Ma il capolavoro assoluto di José Limón resta The Moor’s Pavane, del 1949, una trattazione danzata della vicenda di Otello. In questo celebre lavoro su musica di Purcell, Limón utilizza i modelli formali della “modern dance”, cui si sovrappongono, in una traduzione gestuale fortemente drammaturgica, le antiche forme della danza popolare e cortigiana. Nella rappresentazione accesa delle passioni che sono al centro della vicenda dei quattro personaggi in scena (Otello, Desdemona, Jago e Emilia), la continuità delle forme basilari della tecnica Humphrey-Limón si fonde con l’eleganza severa di balli di corte (la pavana). The Moor’s Pavane risulta a tutt’oggi come un solenne quadro d’epoca, un’opera stagliata con imponente drammaticità, genialmente concepita nel disegno coreografico dei gesti e dei percorsi, sempre sintetici ed essenziali, con la grandiosità apocalittica di un estremo rituale. Risaltano i bei costumi rinascimentali disegnati da Pauline Lawrence, che fu la moglie di Limón.
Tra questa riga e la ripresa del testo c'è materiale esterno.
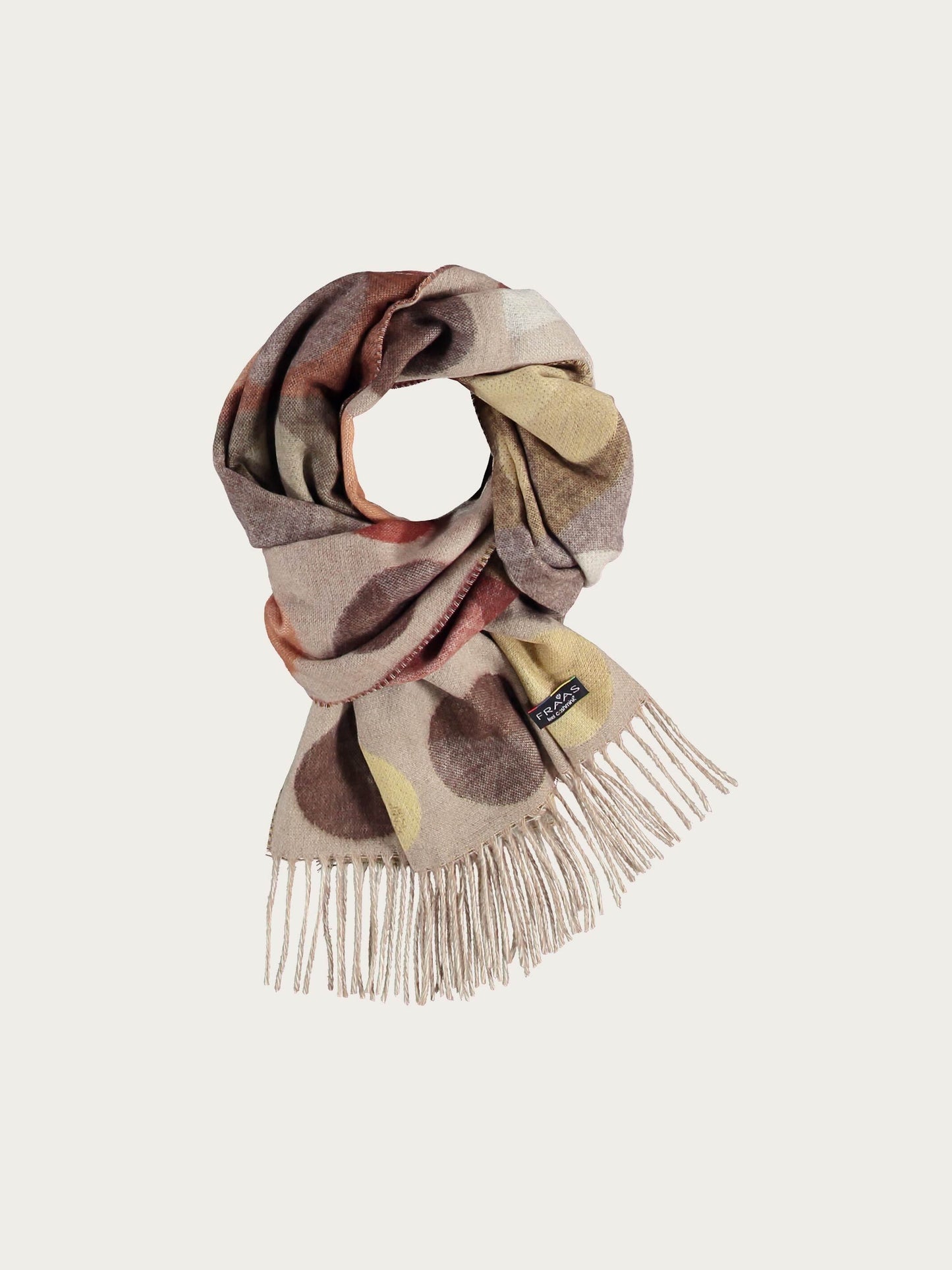 Cashmink-Schal mit großen Punkten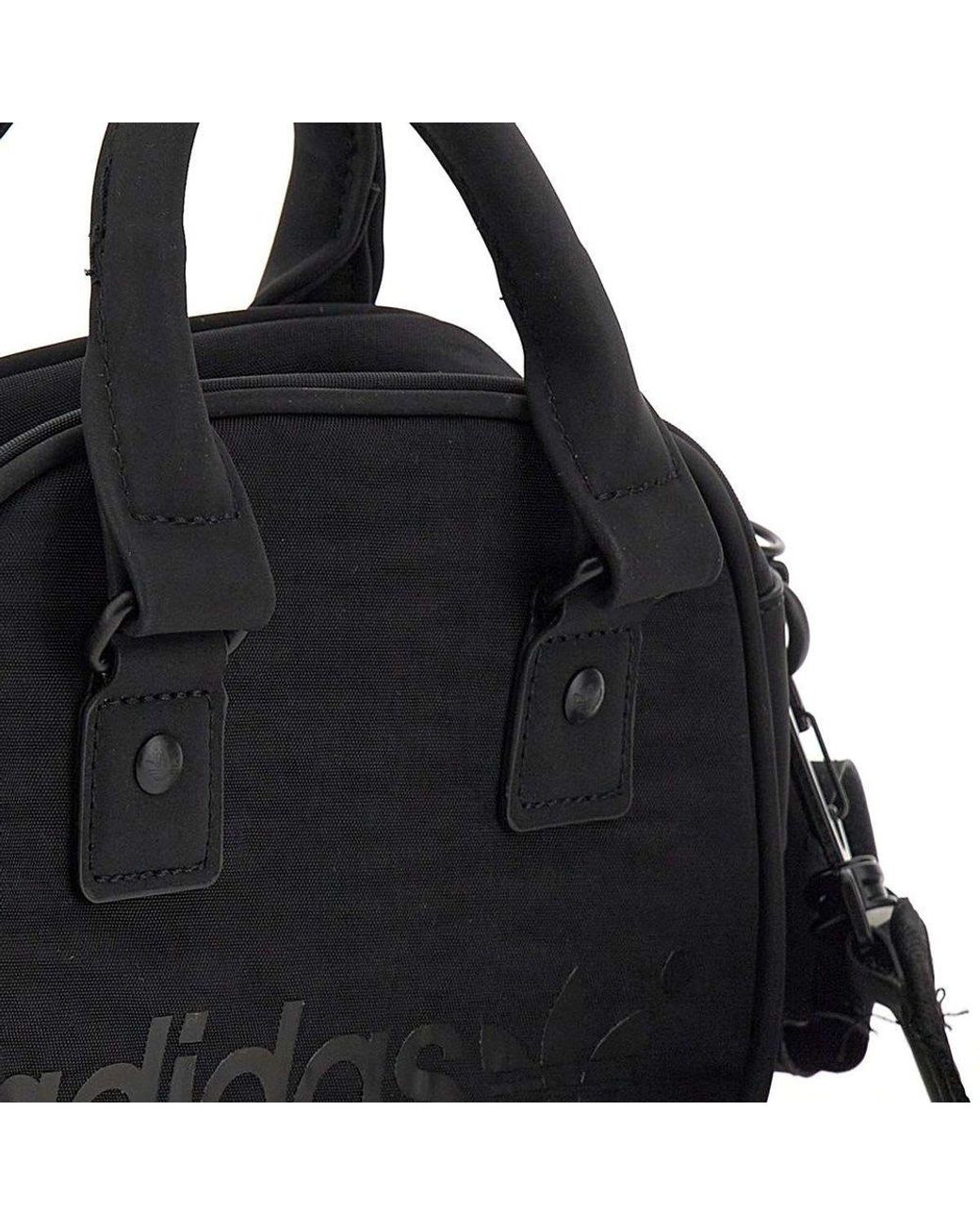 adidas Logo Printed Mini Bowling Bag in Black | Lyst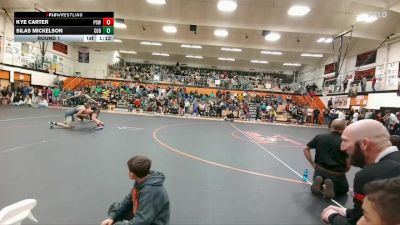 114-119 lbs Round 1 - Kye Carter, Powell Middle School vs Silas Mickelson, Cody Middle School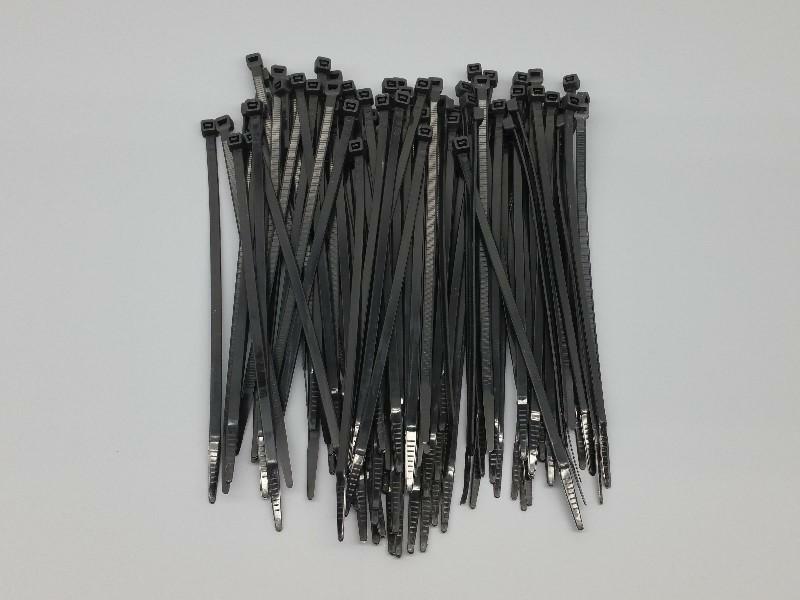 100pc 7" Black Zip Ties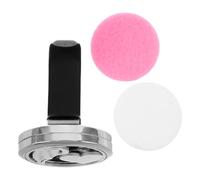 FOMIYES Diffusore di Oli Essenziali per Auto con Clip per Bocchetta, Acciaio Inossidabile, con Cotton Pads, Portatile, Elimina Odori, per Veicolo, Decorazione Elegante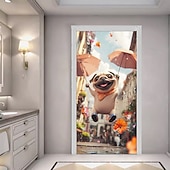 billiga Dörröverdrag-Rolig djur dansande dörrdekorationer dörröverdrag dörrgobeläng dörrgardin dekoration bakgrund inomhus/utomhus dörrbanner för främre dörr bondgård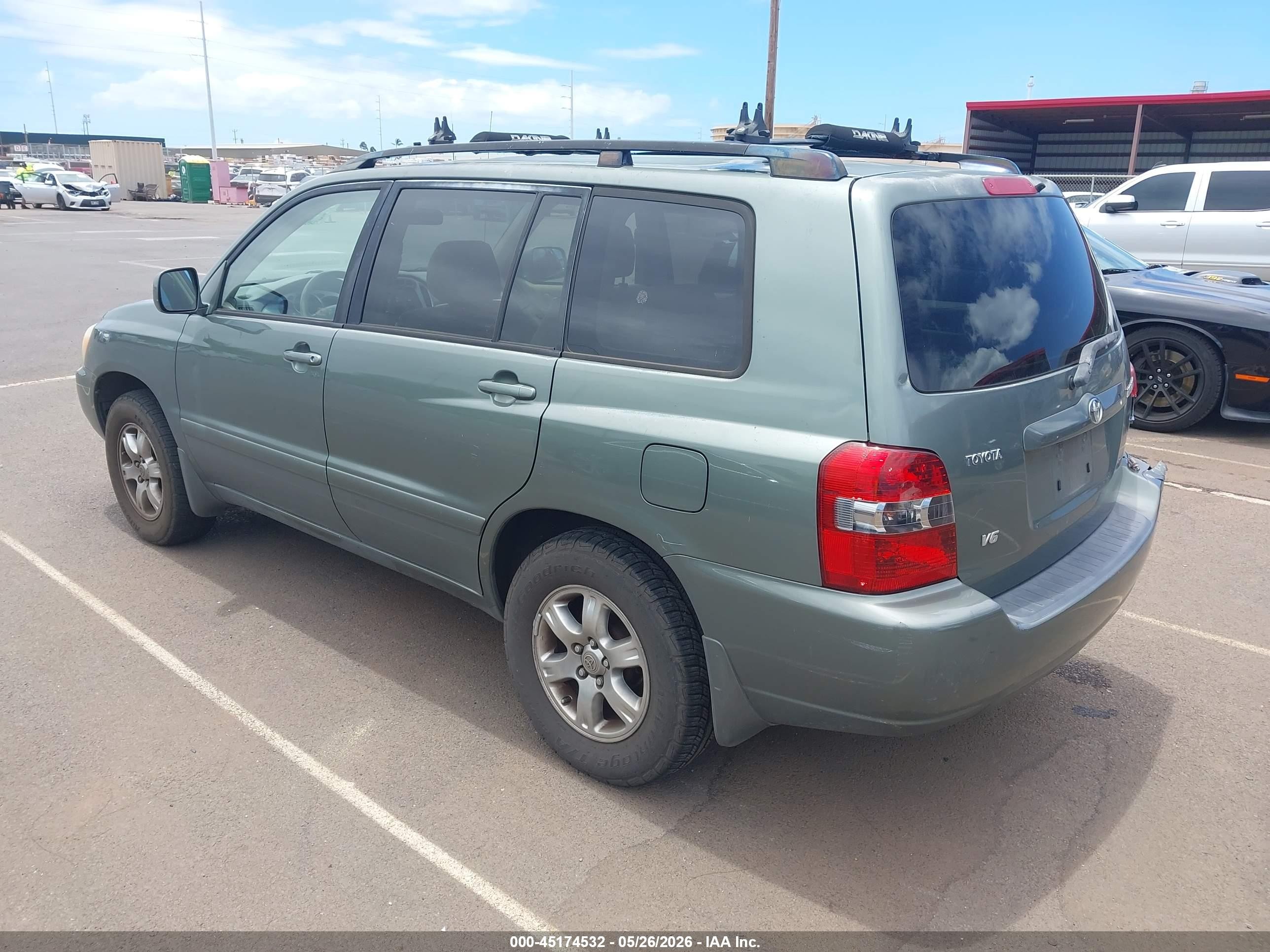 2006 Toyota Highlander V6 Green vin: JTEDP21A960125633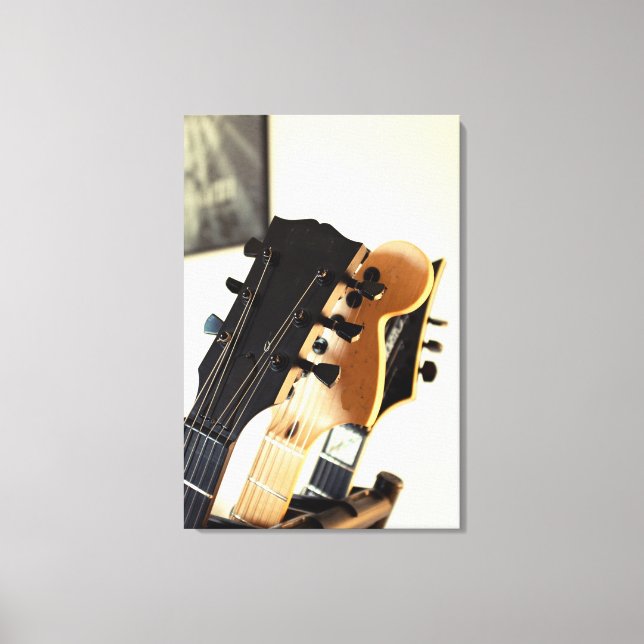 Wonderful Bass Guitar Canvas Print (Front)
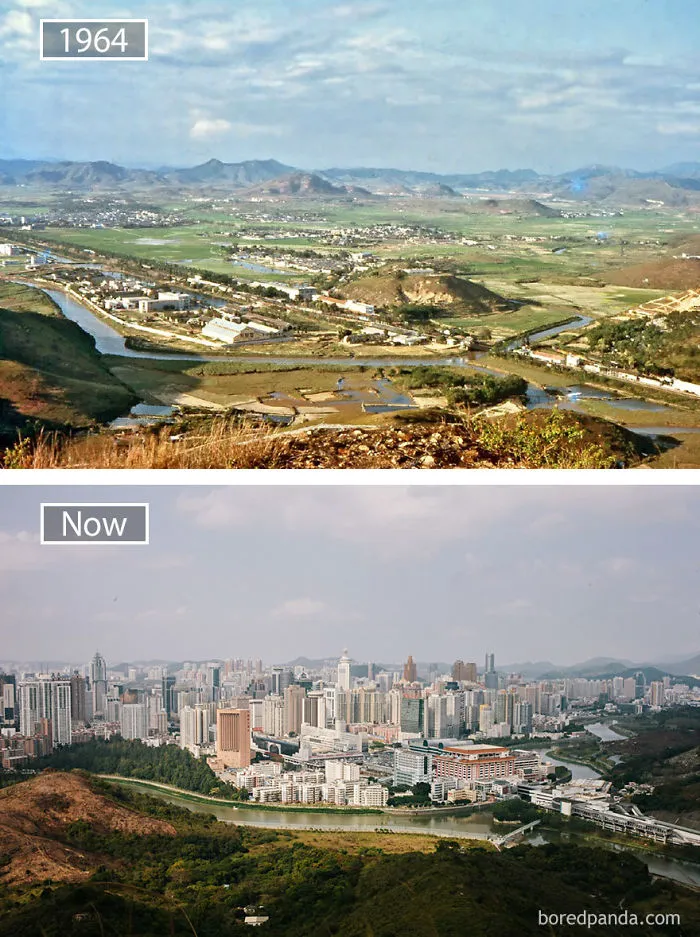 Shenzen, China - 1964 And Now
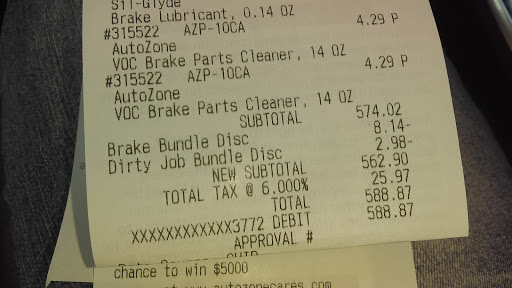 Auto Parts Store «AutoZone», reviews and photos, 1236 E Apple Ave, Muskegon, MI 49442, USA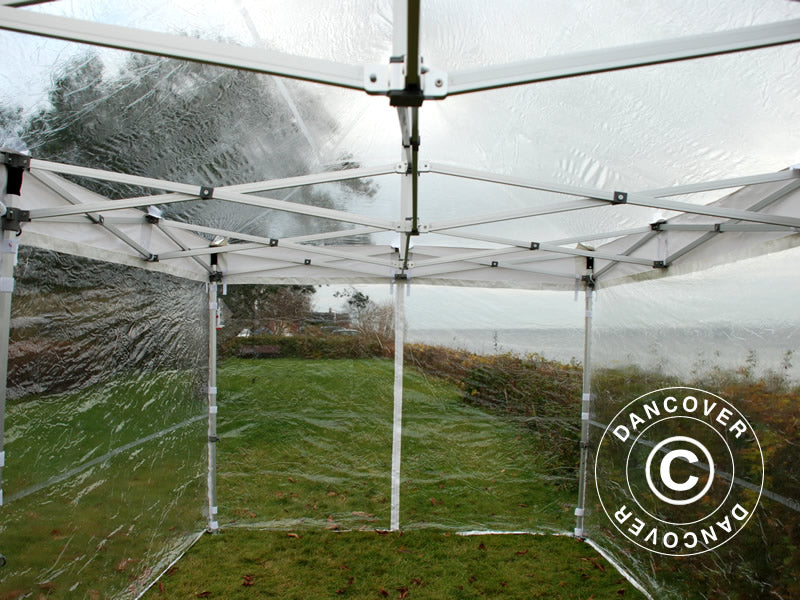 Quick-up telt FleXtents PRO 3x6m Transparent, inkl. 6 sider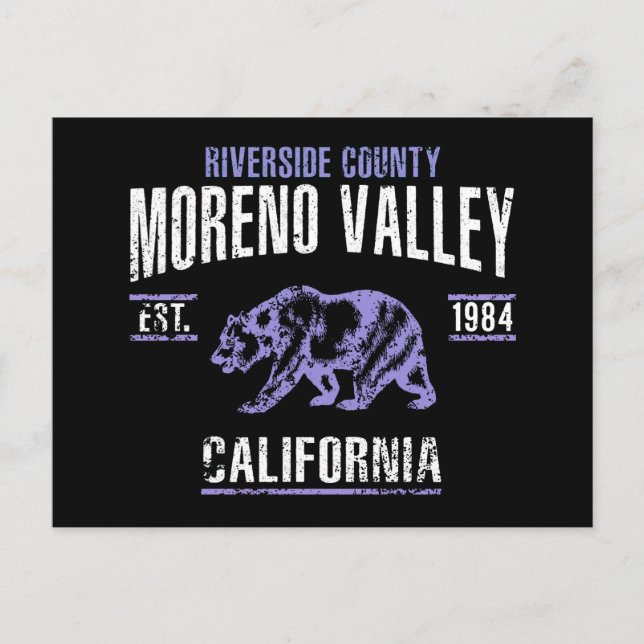 Moreno Valley Postcard (Front)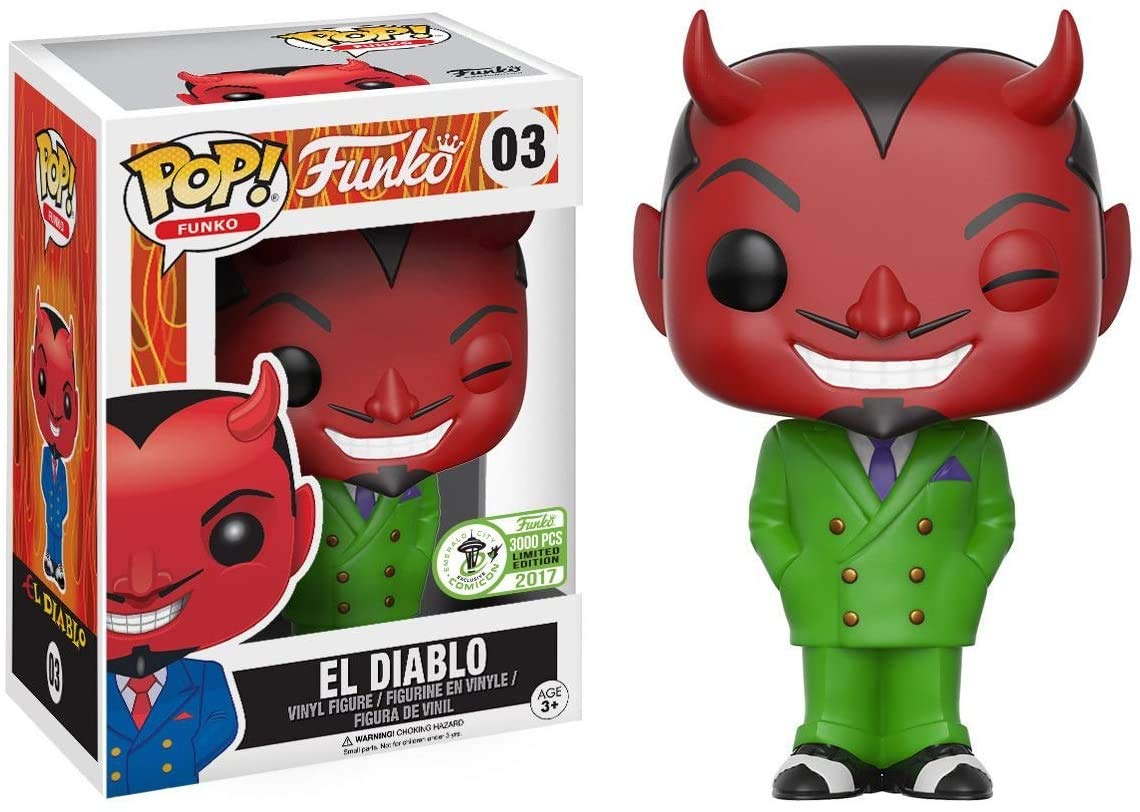 Funko POP! El Diablo Green Suit Emerald City Comic Con Exclusive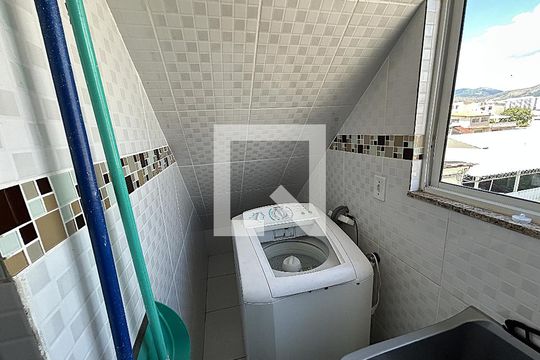Área de Serviço de casa à venda com 2 quartos, 80m² em Inhaúma, Rio de Janeiro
There is a Time, altra celebre creazione firmata da Limón e inclusa (come The Moor’s Pavane) nel programma che la compagnia presenta al Festival di Rovereto, è un ampio poema coreografico articolato in dodici sezioni. Al centro è il “tempo”, inteso come nozione psicologica (c’è un tempo per ridere, un tempo per amare, e così via): tempo come fluire interminabile di movimento, tempo come evocazione di un’esperienza interiore che aspira all’eternità (il modulo ricorrente della coreografia è il cerchio, fulcro di tensioni all’infinito). La musica di There is a Time è stata composta da Norman Dello Joio, e gli fu commissionata (per Limón) dalla “Juilliard Music Foundation” nell’aprile del ’56, in occasione del Festival of American Music. Nel ’57 , per questa composizione, Dello Joio ricevette il Pulitzer Prize per la musica. Nato in America, Norman Dello Joio è noto soprattutto come autore di musiche destinate alle creazioni di importanti coreografi statunitensi. Ha collaborato spesso con Martha Graham.
Tra gli altri coreografi autori di creazioni presentate dalla José Limón Dance Company a Rovereto, spicca il nome di Anna Sokolow, autrice di Rooms. Artista sensibile e insegnante attivissima, nata nel ’13 negli Stati Uniti da una modesta famiglia di emigrati polacchi, per una decina d’anni danzatrice nella compagnia di Martha Graham, la Sokolov rappresenta una delle massime personalità della “modern dance” americana.